- [PROBLEM TO WORK ON]:
In your reply, repeat the full listing exactly and leave each picture out.

- [PROVIDED DATA]:
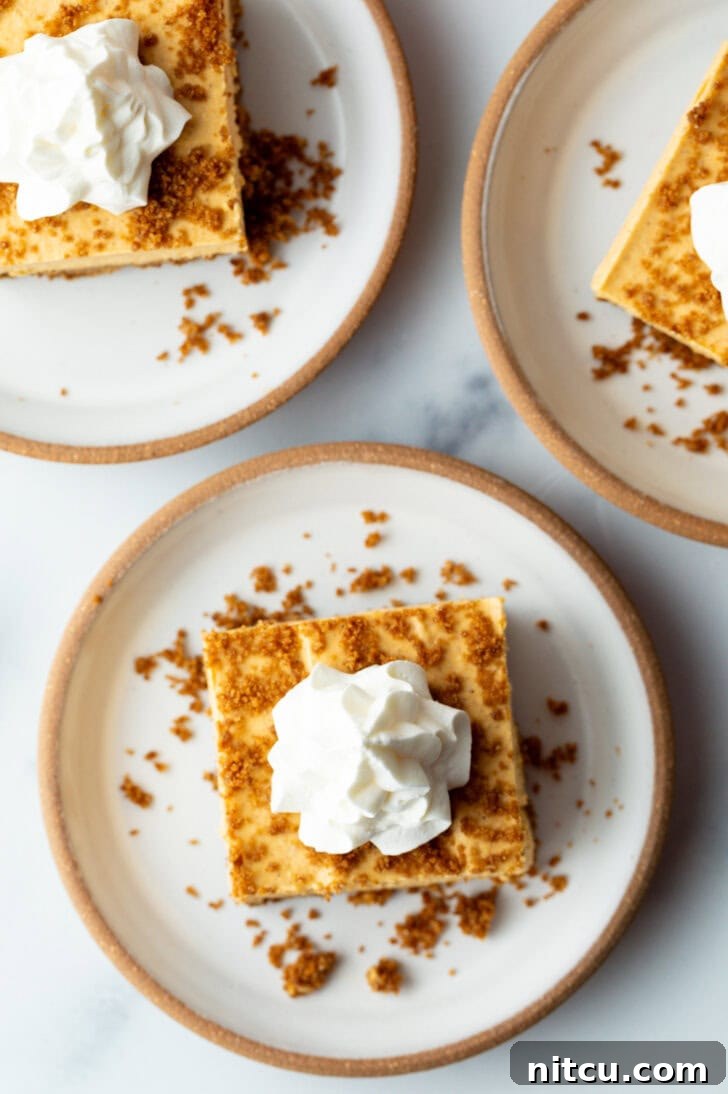 Top down view pumpkin cheesecake bar on a white plate, topped with whipped cream.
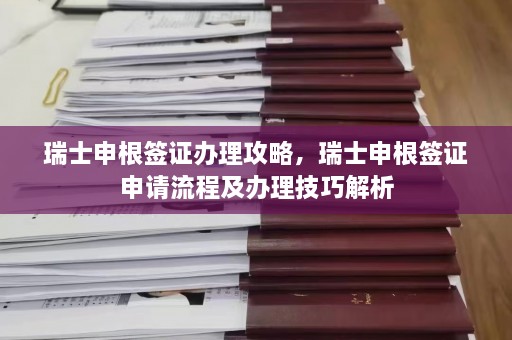 瑞士申根签证办理攻略，瑞士申根签证申请流程及办理技巧解析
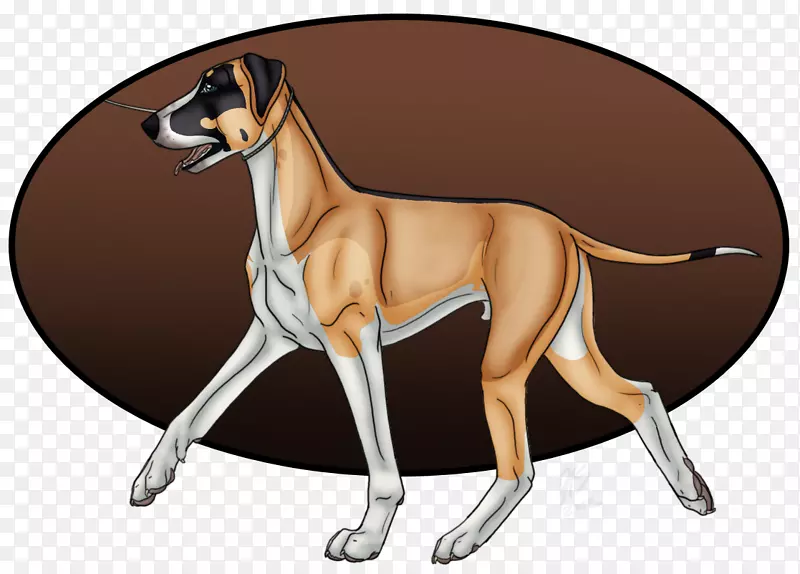伟大的丹麦犬，意大利灰狗，阿兹瓦赫犬品种-阿根廷狗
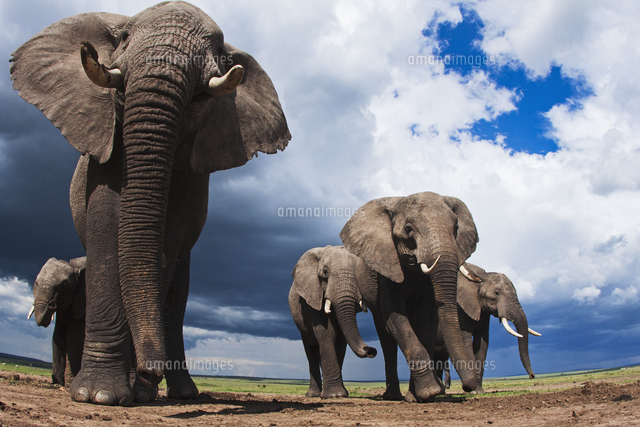 アフリカゾウの群れ の写真素材 イラスト素材 アマナイメージズ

- [SOLUTION]:
 Top down view pumpkin cheesecake bar on a white plate, topped with whipped cream.
 瑞士申根签证办理攻略，瑞士申根签证申请流程及办理技巧解析
伟大的丹麦犬，意大利灰狗，阿兹瓦赫犬品种-阿根廷狗
 アフリカゾウの群れ の写真素材 イラスト素材 アマナイメージズ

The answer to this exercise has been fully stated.